My take
I arrived in Baghdad in March 2008, but I knew I was coming since March 2006. In that time, I've been asked by many friends to let them know what I really think of the situation in Iraq. I want to think this is because you all respect my judgement. Some part of me suspects that some of you believed that my being here would sway my opinion that this war was worth fighting. Well, I can say that it hasn't. We've made a ton of mistakes here...too many mistakes for a nation of our capacity. Some of those mistakes are unforgivable, and will likely taint any good outcomes that arise. But Iraq is free now of tyranny, which I believe is the greatest evil on this Earth, and it is emerging as a democratic state which is able to fend for itself. We're doing good work here, and the Iraqis are building a democracy from the ground up.
Much has changed in Iraq in the last year. Iraqis I talk to speak of a nation transformed from the edge of civil war and anarchy, to a nation with emerging stability. Iraq has come out of its dark time. The streets are safe to drive again. Commerce is re-emerging and businesses which closed in 06-07 are returning. The government is gaining effectiveness in providing services. The Iraqi army is now able to conduct independent operations, and while they still need the US as backup, and to secure them from invasion by one of their neighbors, they operate increasingly independently. They have had an impressive run of success lately; in Basra, Mosul and Baghdad...all wins for the government and losses for militias & Al Qaeda.
Most importantly, there seems to be emerging a strong political center which rejects the violent ideology of the militia groups. The public is so sick of militias. As soon as the government kicked the Mahdi army out of Sadr city, the residence embraced the government forces. People hate the militias for placing bombs on their streets and drawing their friends and family into an unnecessary crossfire.
The defeat of Al Qaeda in Iraq from 2007-2008 has demonstrated one thing: the near 'civil war' that erupted had more to do with Al Qaeda instigating Sunni-Shia violence than with any underlying hatred in Iraq. With the Al Qaeda threat removed, mass casualty suicide bombings have decreased considerably, and so have sectarian tensions. Al Qaeda nearly succeeded in its goal of igniting civil war and establishing a base in Iraq. Now that they are near defeat, we shouldn't give up on Iraq and provide Al Qaeda an opportunity to re-assert itself.
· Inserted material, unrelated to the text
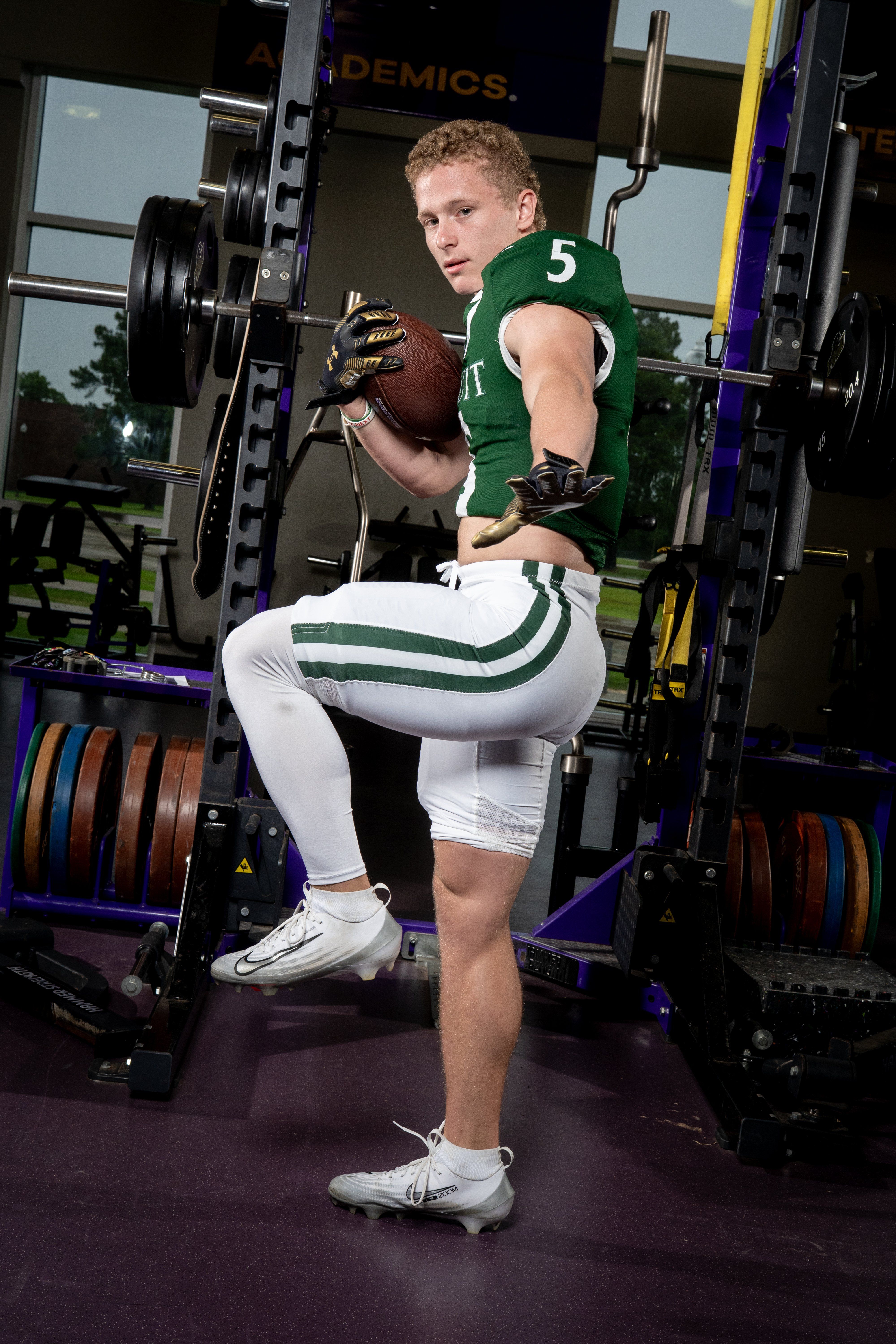 MOBILE CARRIER: Nationwide Signal Reached by Strake Jesuit’s Hebert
Iraq is not going to look like Iowa any time soon. It struggles under heavy corruption, democratic governance is still new, and the military still needs time to get on its feet. But Iraq has a chance now. And we have to ask ourselves the difficult question. Do we want to risk those gains, waste the sacrifice of our national treasure and soldiers' live, and abandon our allies so that we can bring our troops home before Iraq is ready?
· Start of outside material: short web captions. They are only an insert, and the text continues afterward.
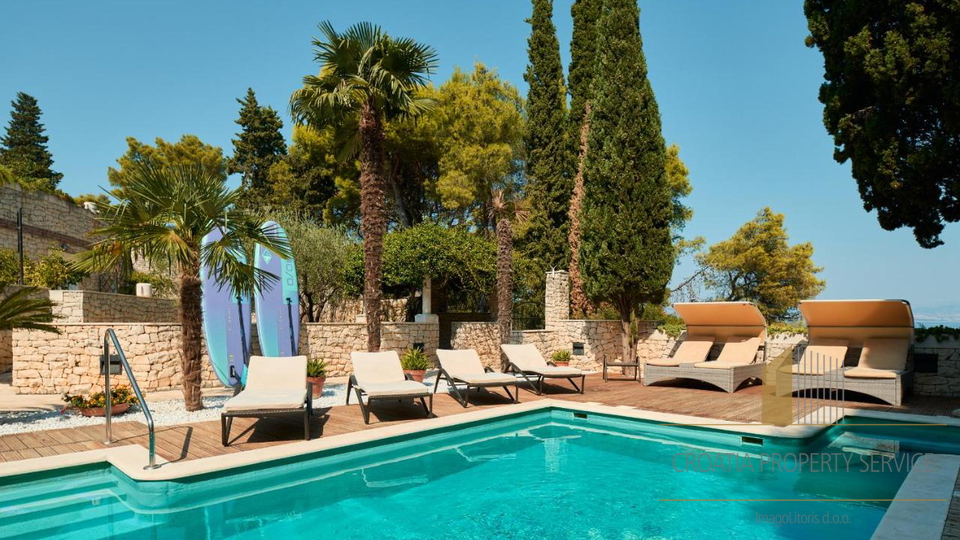 Luxusvilla am Meer in Supetar – Oase der Privatsphäre und des Prestiges auf der Insel Brač!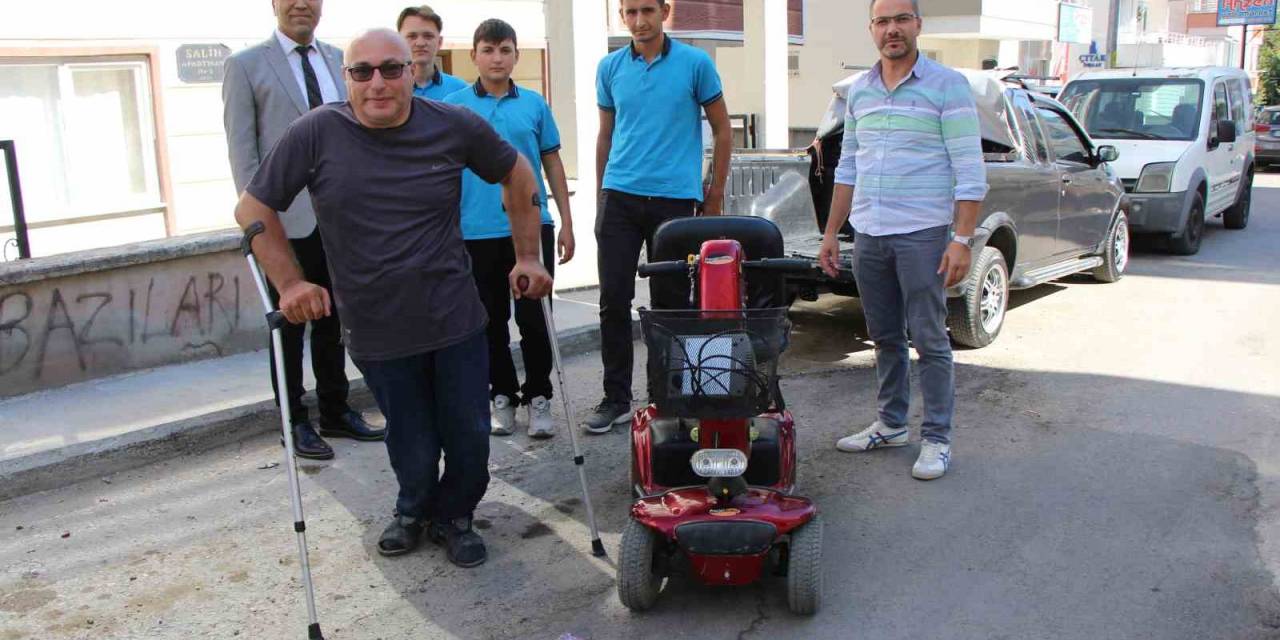 Arızalanan Engelli Aracını Öğretmen Ve Öğrenciler Tamir Etti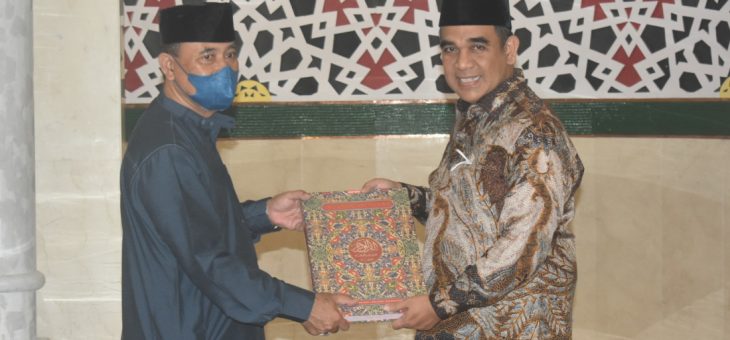 Kunjungi Masjid Agung Madaniyah, Wakil Ketua MPR RI Ahmad Muzani Sumbang Mushaf Qur’an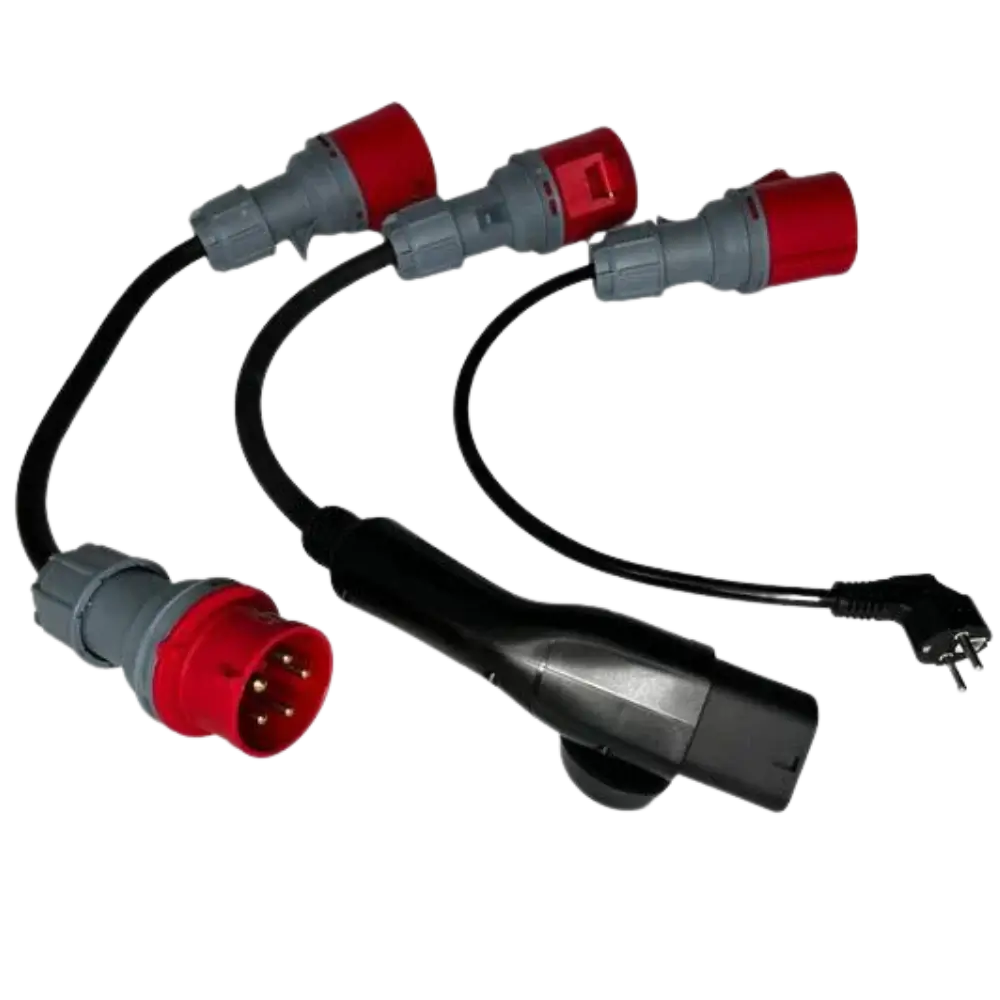 De 🇳🇱 VOLDT Booster EV Set 3-Fase 16A 11kW thuislader met multi-adapters heeft een zwarte kabel met drie grijze en rode industriële connectoren, een grote zwarte stekker en een standaard elektrische stekker - ideaal voor je elektrische auto.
I think the answer is no. Iraq is making progress. The situation is 180 degrees different than it was in early 2007 before the surge. Iraq has met nearly all of the 'benchmarks' for progress that Congress placed on it. Oil production is surging, the government is flush with money, and is increasing its ability to provide services to the people.
When I speak to Iraqis, they talk with some measure of fear and apprehension about 2009. They wonder if the next President will pull troops out of the country. I tell them no, I don't think there will be a pullout. The US has invested too much to quit on Iraq just when it is building positive momentum. But anything is possible. Their concerned looks tell me there is something more, so I ask. The typical response is that the US can't abandon Iraq to the militants. If we leave, Iraq loses its security guarantee. The tribes and parties will stop thinking about the long term future, and will focus on how to protect themselves in the short term. And this means stocking up with food, weapons and cash.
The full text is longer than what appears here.